Hacker News new | past | comments | ask | show | jobs | submit login
Extending “Let It Go” with recurrent neural network (snucse.org)
131 points by elnn on June 11, 2015 | hide | past | favorite | 45 comments

If you are into this kind of stuff (time series density/probability modeling), there are several places to go beyond this.

The simplest example is the RNN-RBM (restricted boltzmann machine) from the Theano deep learning tutorials [1]. There are follow-up papers by Kratarth Goel extending this to LSTM-DBN, and RNN-NADE (neural autoregressive density estimator) has also been explored in this space. The results for MIDI are pretty good.

Ales Graves [2] has done a huge amount of work in sequence modeling for classification and generation. His work with LSTM-GMM for online handwriting modeling can also be applied to speech features (vocoded speech), and seems to work well. No official publication to date on the speech experiments themselves, but the procedure is well documented in his paper [3]

The most recent thing is our paper "A Recurrent Latent Variable Model for Sequential Data" [4]. It operates on raw timeseries (!) even though all intuition would say that an RNN shouldn't handle this well. Adding a recurrent prior seems to preserve style in the handwriting generations at least - I may try on this "Let It Go!" task and see what happens! We are also exploring conditional controls and higher-level speech features, which should result in samples as good or better than LSTM-GMM.

[1] http://deeplearning.net/tutorial/rnnrbm.html#rnnrbm

[2] https://www.youtube.com/watch?v=-yX1SYeDHbg#t=36m50s

[3] http://arxiv.org/abs/1308.0850

[4] http://arxiv.org/abs/1506.02216

The infinite jukebox[0] is another interesting one to look at.

[0] http://labs.echonest.com/Uploader/index.html

Wow, that is quite good at what it does.

I love the potentially-infinite loops that are hit on "Rock the Casbah". "ROCK THE CASBAH ROCK THE CASBAH ROCK THE CASBAH ROCK THE CASBAH ROCK THE CASBAH".

Specifically, for these kinds of sequences (chord sequences, etc.) check out models that uses note-level features but with joint probability (RNN with sigmoid out and cross-entropy loss, RBM, NADE, etc.). It should do even better!

So I took a class in college (15 years ago) where we learned how to do some backprop (out of plain Matlab). I've been seeing impressive demonstrations of RNNs these weeks. How (if at all) can a Matlab-Fortran-SAS grunt start-from-the-beginning to at least understand the rudiments of how these work?

There is a nice book by my profs (Y. Bengio, A. Courville) and a former student of the lab (I. Goodfellow) here: http://www.iro.umontreal.ca/~bengioy/DLbook/ The chapter on RNNs is pretty enlightening. You probably want to start with something the goes through feedforward networks, convolutional, etc. first though.

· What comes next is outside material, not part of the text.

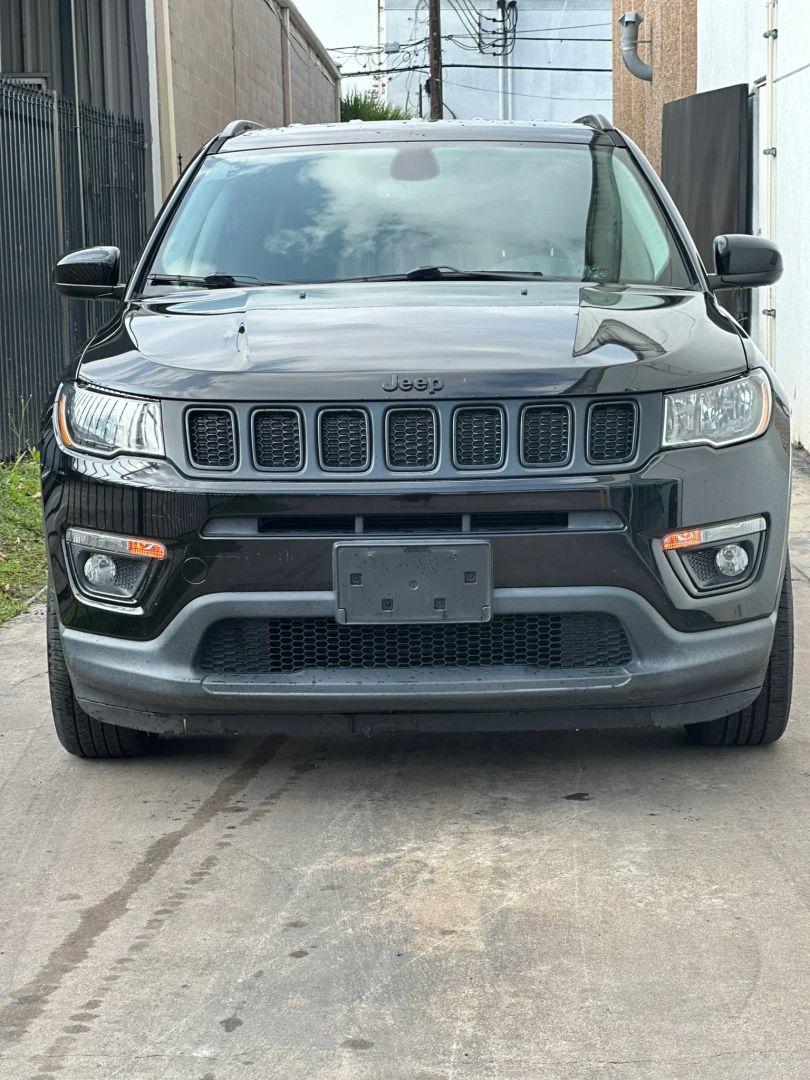 Photo 3 of 2019 Jeep Compass Longitude, for sale in Houston, TX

Andrew Ng's Coursera course does a super basic NN in MATLAB which might be good to shake the rust off [1]. Hugo Larochelle's youtube course [2], Geoff Hinton's Coursera course [3], and Nando's youtube Deep Learning course [4] are all very good. There are also some great lectures from Aaron Courville from the Representation Learning class that just finished here at UdeM [5]

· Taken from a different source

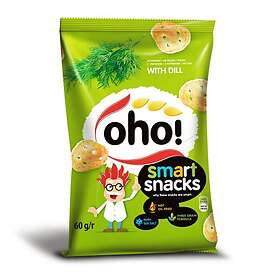 Oho! Snacks Dill 50g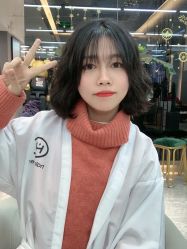 -V+SALON造型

If you want to do this for real (not self teaching RNN backprop on toy examples) tool-wise you generally go with either Theano (my preference) or Torch - implementing the backwards path for these (and verifying gradients are correct) is not pretty.

Theano does it almost for free, and Torch can do it at the module level. Either way you definitely want one of the higher order tools!

[1] https://www.coursera.org/learn/machine-learning

[2] https://www.youtube.com/watch?v=SGZ6BttHMPw&list=PL6Xpj9I5qX...

[3] https://www.coursera.org/course/neuralnets

[4] https://www.youtube.com/watch?v=PlhFWT7vAEw

[5] https://ift6266h15.wordpress.com/

Thanks for the references!

It's really hard to connect "Let it Go" with the results that the program generates. Maybe if the song starts with a recognisable line of tones and the algorithm buts in some recognisable parts here and there it becomes more clear? Not sure. But for my untrained ears it was not possible to recognise the connection to "Let it Go".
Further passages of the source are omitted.